#### Your objective
Write the full listing out again, word for word, but omit the pictures.

#### Data excerpt
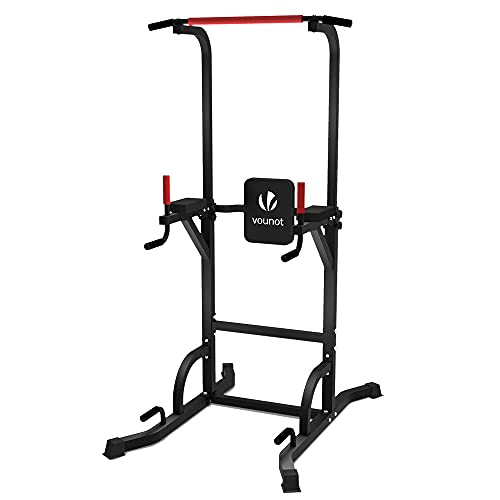 VOUNOT Power Tower Pull Up Dip Station con Barras de Dominadas, Estación de Musculación Multifuncional, Torre Entrenamiento para Gimnasio en Casa, Capacidad de Peso 150KG, Negro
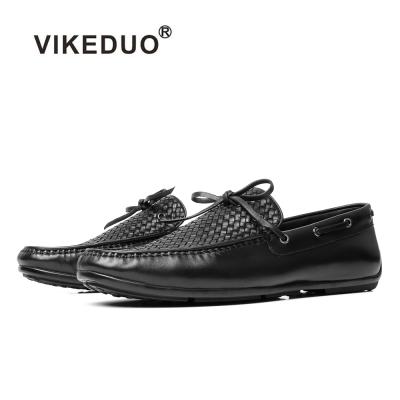 China Vikeduo Black Calf Handcrafted Durable Mesh Leather Performance Casual Driving Shoes Mens Moccasin Shoes for Men for sale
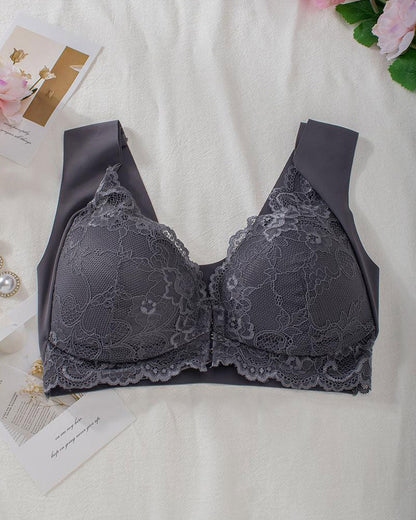 Shapecurve Women's Contrast Lace Hook & Eye Front PushUp Bra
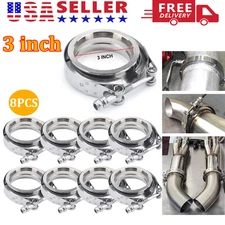 8x Exhaust Downpipe 3 inch V-band Clamp Male/Female Flange Kit S304 Stainless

#### Output for this exercise
 VOUNOT Power Tower Pull Up Dip Station con Barras de Dominadas, Estación de Musculación Multifuncional, Torre Entrenamiento para Gimnasio en Casa, Capacidad de Peso 150KG, Negro
 China Vikeduo Black Calf Handcrafted Durable Mesh Leather Performance Casual Driving Shoes Mens Moccasin Shoes for Men for sale
 Shapecurve Women's Contrast Lace Hook & Eye Front PushUp Bra
 8x Exhaust Downpipe 3 inch V-band Clamp Male/Female Flange Kit S304 Stainless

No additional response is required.